Firstly, where possible predicates are expressed as boolean-returning functions rather than inductively defined datatypes. This brings decidability by default, opens up more opportunities for proof by computation, and improves checking performance by avoiding the need for the proof engine to carry around large proof terms. The main disadvantage I see is the need to use reflection lemmas to manipulate these boolean predicates when proving.
Secondly, datatypes with invariants are defined as dependent records containing a simple datatype plus a proof of the invariant. For instance, fixed length sequences are defined in SSReflect like:
Structure tuple_of : Type := Tuple {tval :> seq T; _ : size tval == n}.
A seq
and a proof of that sequence's length being a certain value. This is opposed to how e.g. Idris defines this type:
data Vect : (len : Nat) -> (elem : Type) -> Type
A dependently typed datastructure in which the invariant is part of its type.

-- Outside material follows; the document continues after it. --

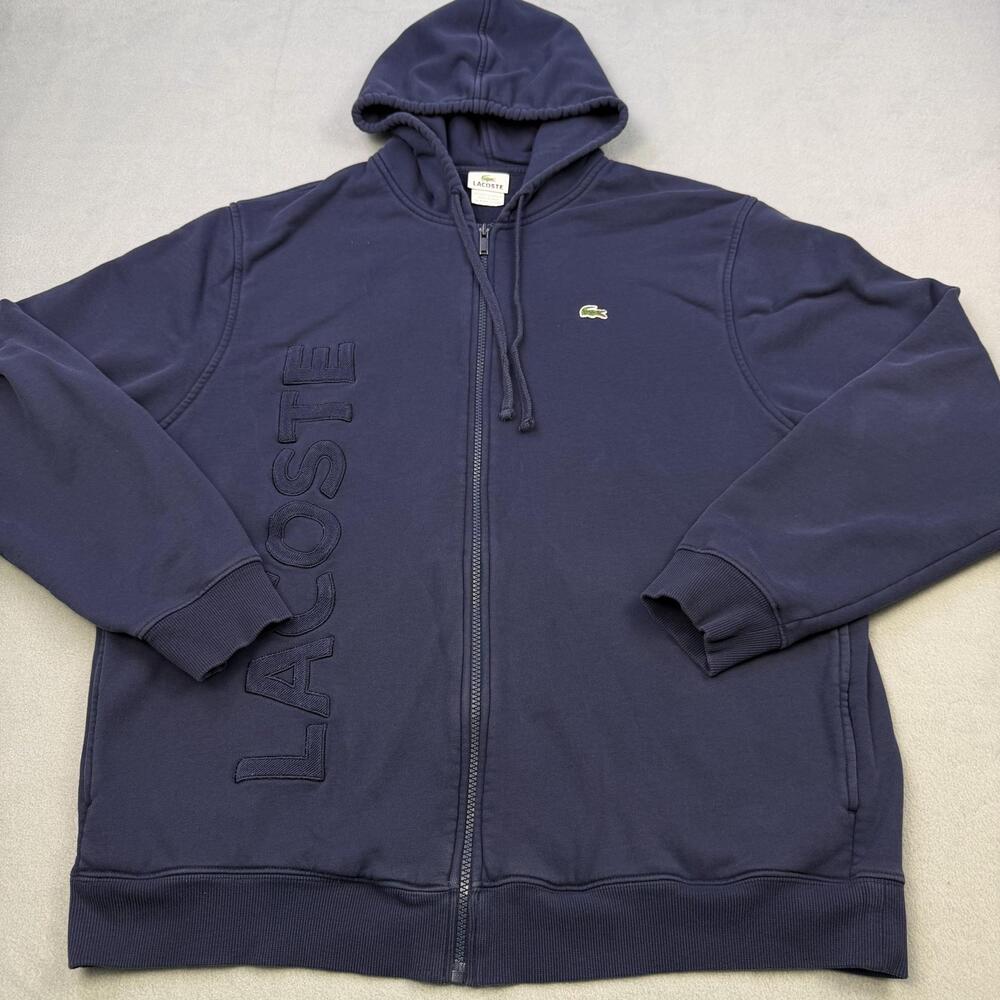 Lacoste Hoodie Mens 2XL Blue Full Zip Fleece Big Embroidered Logo Crocodile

One advantage of SSReflect's approach is that it allows reuse, so that for instance many of the functions defined for seq
and proofs about them can still be used with tuple
(by operating on the underlying seq
), whereas with Idris' approach functions like reverse
, append
and the like need to be rewritten for Vect
. Lean actually has a SSReflect style equivalent in its standard library, vector
, but it also has an Idris-style array
which seems to have an optimised implementation in the runtime.
One SSReflect-oriented book even claims the Vect n A
style approach is an antipattern:
A common anti-pattern in dependently-typed languages and Coq in particular is to encode such algebraic properties into the definitions of the datatypes and functions themselves (a canonical example of such approach are length-indexed lists). While this approach looks appealing, as it demonstrates the power of dependent types to capture certain properties of datatypes and functions on them, it is inherently non-scalable, as there will be always another property of interest, which has not been foreseen by a designer of the datatype/function, so it will have to be encoded as an external fact anyway. This is why we advocate the approach, in which datatypes and functions are defined as close to the way they would be defined by a programmer as possible, and all necessary properties of them are proved separately.
My question is hence, why haven't these approaches been more widely adopted. Are there disadvantages I'm missing, or maybe their advantages are less significant in languages with better support for dependent pattern matching than Coq?